Prof Shahidha Bari | |
Nationality: | British |
Employer: | University of the Arts London |
Education: | King's College, Cambridge |
Occupation: | Academic, critic, broadcaster |
Shahidha Bari (born 1980) is a British academic, critic and broadcaster in the fields of literature, philosophy and art.[1] [2] She is a professor at the University of the Arts London based at London College of Fashion.[3] She is a host of the topical arts television programme Inside Culture on BBC Two, standing in for Mary Beard,[4] one of the presenters of the BBC Radio 4 arts and ideas programme Free Thinking (previously titled Night Waves),[5] and an occasional presenter of BBC Radio 4's Front Row.[6]
She was educated at King's College, Cambridge, and lives in London. She is a Fellow of the Forum for Philosophy at the London School of Economics and an arts reviewer for a number of publications.[7] She comes from a family of Bengali Muslims.
Her academic work moves between philosophy, literature and visual culture. Her book Dressed: The Philosophy of Clothes was published in 2019.[8] [9] Her latest book, Look Again: Fashion is a viewer's guide to fashion in the Tate Britain art collection.[10]
In 2011, Bari was selected as one of ten BBC Radio 3 New Generation Thinkers,[11] a new project launched in conjunction with the Arts and Humanities Research Council (AHRC) to communicate academic research to a wider audience. She is the winner of the 2014/15 Observer Anthony Burgess Arts Journalism Prize, for a "powerful and insightful" review of the National Theatre's Medea.[12]
In print, her writing appears in The Financial Times,[13] The Observer and the New Statesman. She is one of the regular books reviewers for The Guardian[14] and The Times Literary Supplement,[15] a contributor to Aeon[16] and frieze[17] and appears as a cultural critic on BBC TV.[18] She has presented documentaries for BBC Radio 4 and the BBC World Service.

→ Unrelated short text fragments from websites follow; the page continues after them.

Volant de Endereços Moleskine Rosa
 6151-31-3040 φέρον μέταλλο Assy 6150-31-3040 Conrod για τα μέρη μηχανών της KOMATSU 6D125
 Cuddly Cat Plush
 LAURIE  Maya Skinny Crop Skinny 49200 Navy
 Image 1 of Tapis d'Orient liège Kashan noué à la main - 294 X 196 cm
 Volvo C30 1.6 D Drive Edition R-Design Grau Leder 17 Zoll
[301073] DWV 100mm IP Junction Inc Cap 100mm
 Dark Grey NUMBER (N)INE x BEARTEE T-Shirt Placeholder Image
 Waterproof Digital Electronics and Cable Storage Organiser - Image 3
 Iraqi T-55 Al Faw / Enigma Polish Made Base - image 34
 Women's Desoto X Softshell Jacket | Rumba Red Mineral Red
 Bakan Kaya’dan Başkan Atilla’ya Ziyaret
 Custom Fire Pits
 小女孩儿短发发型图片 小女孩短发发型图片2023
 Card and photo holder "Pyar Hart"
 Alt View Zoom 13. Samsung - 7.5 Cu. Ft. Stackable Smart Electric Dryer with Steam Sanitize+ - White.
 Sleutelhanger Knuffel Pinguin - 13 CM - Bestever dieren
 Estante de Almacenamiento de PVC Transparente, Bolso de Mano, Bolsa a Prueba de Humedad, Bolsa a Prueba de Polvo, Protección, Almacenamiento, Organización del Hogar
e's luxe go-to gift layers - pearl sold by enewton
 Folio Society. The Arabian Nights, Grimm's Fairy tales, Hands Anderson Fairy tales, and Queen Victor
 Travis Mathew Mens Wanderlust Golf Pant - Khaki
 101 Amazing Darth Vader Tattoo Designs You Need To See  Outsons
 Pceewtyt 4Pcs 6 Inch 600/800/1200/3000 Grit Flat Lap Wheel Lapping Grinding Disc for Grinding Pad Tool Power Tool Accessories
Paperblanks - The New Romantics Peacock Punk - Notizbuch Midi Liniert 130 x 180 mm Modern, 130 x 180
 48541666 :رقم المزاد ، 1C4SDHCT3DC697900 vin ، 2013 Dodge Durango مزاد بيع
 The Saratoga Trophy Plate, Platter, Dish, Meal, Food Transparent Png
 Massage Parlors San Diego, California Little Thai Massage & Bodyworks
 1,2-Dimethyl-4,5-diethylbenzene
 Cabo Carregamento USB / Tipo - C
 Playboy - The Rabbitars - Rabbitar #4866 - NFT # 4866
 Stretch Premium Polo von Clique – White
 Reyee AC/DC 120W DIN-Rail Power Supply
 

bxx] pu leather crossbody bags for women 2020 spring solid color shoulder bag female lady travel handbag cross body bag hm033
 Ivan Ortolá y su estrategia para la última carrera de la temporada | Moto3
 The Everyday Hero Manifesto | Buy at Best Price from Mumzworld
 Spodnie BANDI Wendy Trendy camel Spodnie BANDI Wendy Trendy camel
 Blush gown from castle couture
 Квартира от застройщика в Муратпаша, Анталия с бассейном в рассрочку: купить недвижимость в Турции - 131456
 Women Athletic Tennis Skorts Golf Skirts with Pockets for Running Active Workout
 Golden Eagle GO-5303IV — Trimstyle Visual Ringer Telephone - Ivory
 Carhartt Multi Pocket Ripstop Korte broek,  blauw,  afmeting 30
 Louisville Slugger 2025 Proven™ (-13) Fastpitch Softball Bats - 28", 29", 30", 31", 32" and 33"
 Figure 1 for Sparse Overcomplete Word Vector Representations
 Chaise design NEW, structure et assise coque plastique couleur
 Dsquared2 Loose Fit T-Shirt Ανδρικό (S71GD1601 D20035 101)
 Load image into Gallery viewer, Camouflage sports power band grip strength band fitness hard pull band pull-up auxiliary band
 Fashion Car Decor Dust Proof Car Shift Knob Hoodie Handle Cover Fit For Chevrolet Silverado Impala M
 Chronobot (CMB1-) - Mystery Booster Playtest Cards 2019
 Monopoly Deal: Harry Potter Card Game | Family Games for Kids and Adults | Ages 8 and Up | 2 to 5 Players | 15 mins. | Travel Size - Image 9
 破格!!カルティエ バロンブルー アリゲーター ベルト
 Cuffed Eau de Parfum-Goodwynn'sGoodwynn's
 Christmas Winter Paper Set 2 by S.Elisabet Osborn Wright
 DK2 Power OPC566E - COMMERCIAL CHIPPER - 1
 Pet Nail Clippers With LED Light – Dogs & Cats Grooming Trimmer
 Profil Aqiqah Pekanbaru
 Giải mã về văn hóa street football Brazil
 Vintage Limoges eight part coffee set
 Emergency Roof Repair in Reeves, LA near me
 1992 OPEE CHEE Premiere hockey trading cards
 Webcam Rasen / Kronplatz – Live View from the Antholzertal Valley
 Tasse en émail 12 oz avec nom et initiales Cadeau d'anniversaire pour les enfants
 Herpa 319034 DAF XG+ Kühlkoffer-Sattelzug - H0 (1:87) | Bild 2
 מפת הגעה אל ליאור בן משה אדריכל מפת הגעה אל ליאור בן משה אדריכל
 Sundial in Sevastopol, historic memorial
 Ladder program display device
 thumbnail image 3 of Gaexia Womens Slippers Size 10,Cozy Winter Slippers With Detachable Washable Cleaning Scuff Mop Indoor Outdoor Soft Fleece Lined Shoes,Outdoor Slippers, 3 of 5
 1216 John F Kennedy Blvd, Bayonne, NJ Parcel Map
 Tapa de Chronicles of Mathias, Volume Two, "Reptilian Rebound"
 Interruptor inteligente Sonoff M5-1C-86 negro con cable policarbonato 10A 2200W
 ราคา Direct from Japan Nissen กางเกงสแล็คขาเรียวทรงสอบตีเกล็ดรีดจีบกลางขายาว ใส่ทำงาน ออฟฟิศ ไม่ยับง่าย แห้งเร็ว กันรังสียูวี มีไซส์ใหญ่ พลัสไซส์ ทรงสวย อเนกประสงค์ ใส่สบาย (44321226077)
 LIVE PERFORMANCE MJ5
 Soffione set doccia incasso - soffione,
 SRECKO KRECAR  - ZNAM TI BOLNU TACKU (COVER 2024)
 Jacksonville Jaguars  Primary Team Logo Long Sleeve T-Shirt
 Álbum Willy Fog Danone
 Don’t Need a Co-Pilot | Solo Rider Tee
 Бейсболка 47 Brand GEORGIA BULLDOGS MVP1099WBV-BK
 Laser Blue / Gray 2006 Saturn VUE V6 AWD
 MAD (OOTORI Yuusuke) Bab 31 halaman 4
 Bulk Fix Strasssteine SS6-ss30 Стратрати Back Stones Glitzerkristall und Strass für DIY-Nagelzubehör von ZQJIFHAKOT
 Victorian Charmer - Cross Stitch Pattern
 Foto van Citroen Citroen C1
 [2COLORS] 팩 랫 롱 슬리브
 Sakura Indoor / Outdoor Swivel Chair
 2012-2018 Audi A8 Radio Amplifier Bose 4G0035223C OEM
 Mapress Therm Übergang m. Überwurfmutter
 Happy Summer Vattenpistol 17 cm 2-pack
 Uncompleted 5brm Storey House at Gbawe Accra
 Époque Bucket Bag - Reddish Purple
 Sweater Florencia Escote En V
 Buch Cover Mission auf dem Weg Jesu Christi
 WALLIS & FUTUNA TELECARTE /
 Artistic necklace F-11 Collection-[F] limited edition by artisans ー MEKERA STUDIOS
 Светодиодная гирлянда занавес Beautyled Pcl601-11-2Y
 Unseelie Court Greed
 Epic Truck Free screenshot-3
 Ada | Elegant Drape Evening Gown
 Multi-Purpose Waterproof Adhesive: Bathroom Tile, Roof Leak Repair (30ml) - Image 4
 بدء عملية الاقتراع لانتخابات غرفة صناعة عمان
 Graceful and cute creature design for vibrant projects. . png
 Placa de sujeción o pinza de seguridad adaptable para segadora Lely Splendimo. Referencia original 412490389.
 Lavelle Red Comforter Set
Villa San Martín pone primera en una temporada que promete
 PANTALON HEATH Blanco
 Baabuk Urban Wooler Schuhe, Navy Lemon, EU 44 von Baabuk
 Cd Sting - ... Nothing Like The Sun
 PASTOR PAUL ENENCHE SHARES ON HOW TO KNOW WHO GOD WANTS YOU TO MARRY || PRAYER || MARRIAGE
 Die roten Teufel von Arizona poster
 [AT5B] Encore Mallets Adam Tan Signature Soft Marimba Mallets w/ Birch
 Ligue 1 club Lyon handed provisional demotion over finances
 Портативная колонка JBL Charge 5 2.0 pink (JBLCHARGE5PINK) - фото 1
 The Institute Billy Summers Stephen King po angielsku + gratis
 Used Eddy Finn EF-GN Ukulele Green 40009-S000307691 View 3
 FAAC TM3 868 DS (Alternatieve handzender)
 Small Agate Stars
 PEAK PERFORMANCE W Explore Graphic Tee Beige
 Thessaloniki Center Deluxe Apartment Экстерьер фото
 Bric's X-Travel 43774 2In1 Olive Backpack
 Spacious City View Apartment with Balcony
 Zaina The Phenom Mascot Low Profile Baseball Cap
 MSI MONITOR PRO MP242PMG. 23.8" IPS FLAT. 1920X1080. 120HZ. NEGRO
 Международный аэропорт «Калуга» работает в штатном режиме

Bari was on the board of the educational mentoring charity The Arts Emergency Service and currently is a trustee of the Brontë Parsonage Museum and Art Night.[19] She was the chair of judges for the Forward Prizes for Poetry in 2019, [20] a judge for the Baillie Gifford Prize for Non-Fiction in 2020 [21] and on the judging panel for The Booker Prize 2022.[22]